**PROBLEM STATEMENT**
Below are the records; give again exactly the lines from the one containing "milla moore online" through the one containing "Ganni hoodie - Superfin", leaving out pictures.
━━ RECORD EXCERPTS
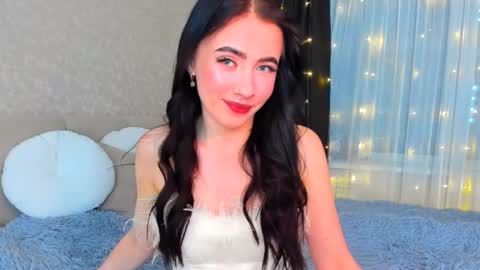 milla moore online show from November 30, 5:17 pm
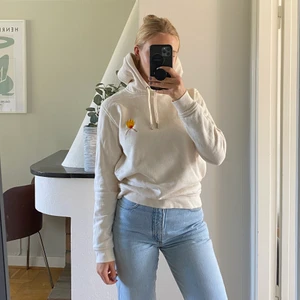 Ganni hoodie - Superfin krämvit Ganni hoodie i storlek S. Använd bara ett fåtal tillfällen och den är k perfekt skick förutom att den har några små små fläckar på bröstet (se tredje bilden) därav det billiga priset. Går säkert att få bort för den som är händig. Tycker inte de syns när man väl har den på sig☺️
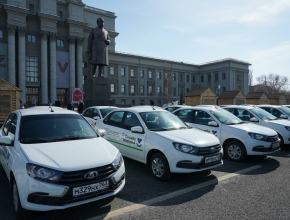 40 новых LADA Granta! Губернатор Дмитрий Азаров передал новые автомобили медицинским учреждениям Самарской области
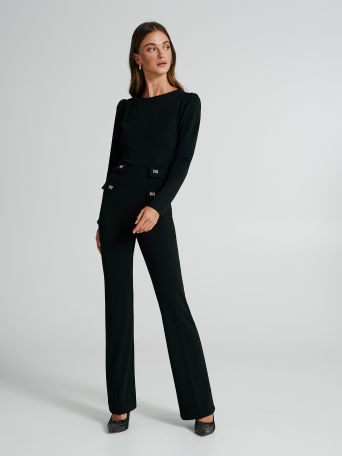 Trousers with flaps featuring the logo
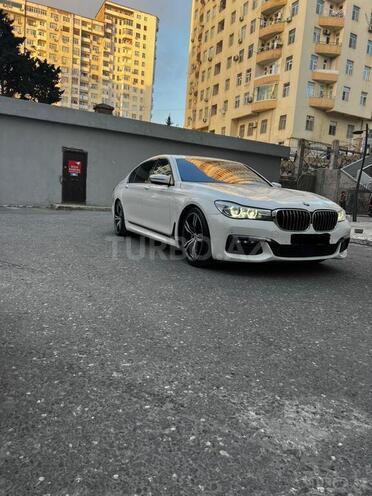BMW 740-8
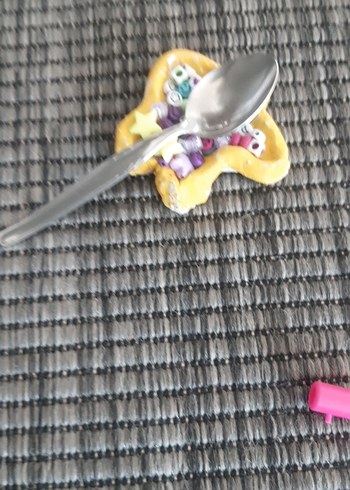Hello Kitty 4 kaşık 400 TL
━━━━
━━ RECORD EXCERPTS
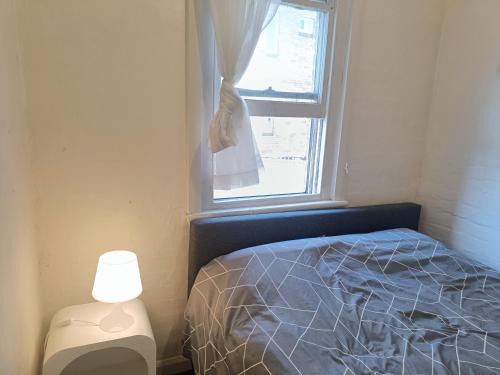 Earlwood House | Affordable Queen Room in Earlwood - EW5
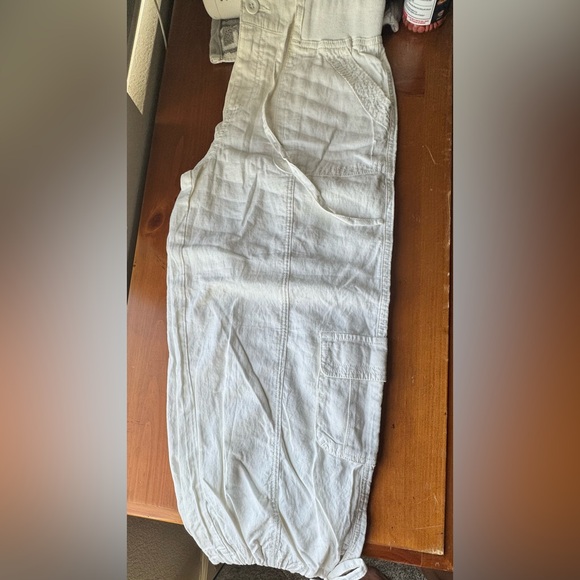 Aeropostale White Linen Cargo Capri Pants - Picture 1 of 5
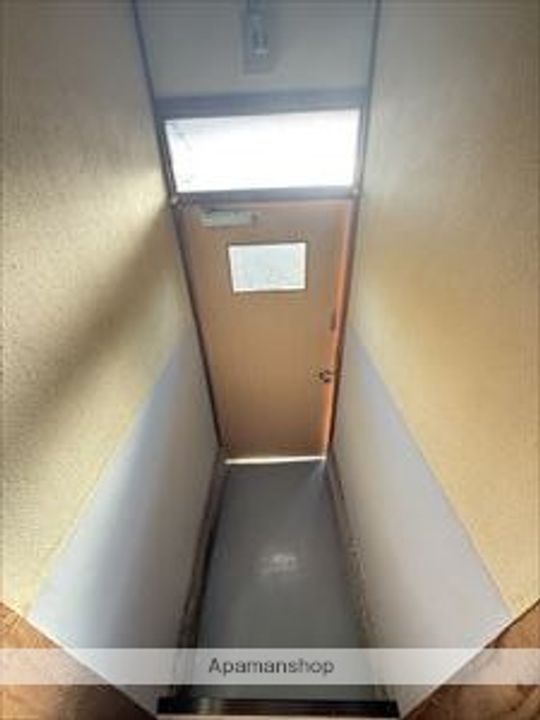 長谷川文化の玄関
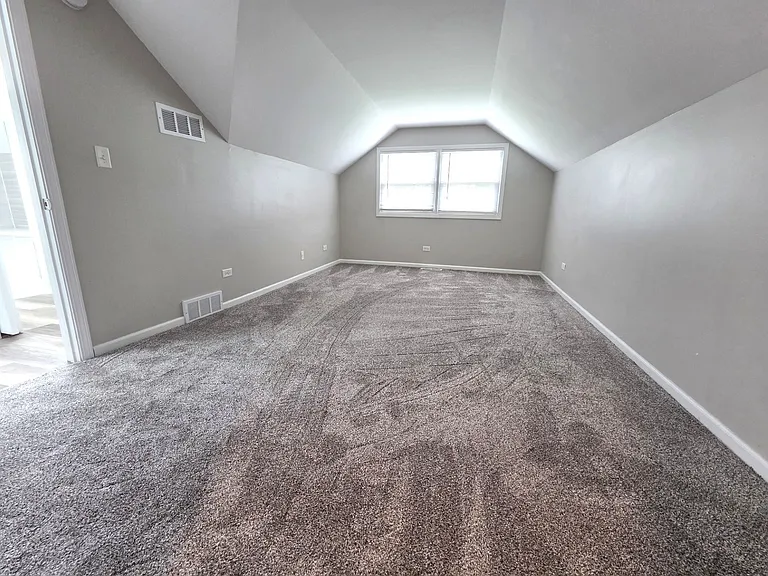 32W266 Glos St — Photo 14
━━━━
**RESPONSE**
 milla moore online show from November 30, 5:17 pm
 Ganni hoodie - Superfin krämvit Ganni hoodie i storlek S. Använd bara ett fåtal tillfällen och den är k perfekt skick förutom att den har några små små fläckar på bröstet (se tredje bilden) därav det billiga priset. Går säkert att få bort för den som är händig. Tycker inte de syns när man väl har den på sig☺️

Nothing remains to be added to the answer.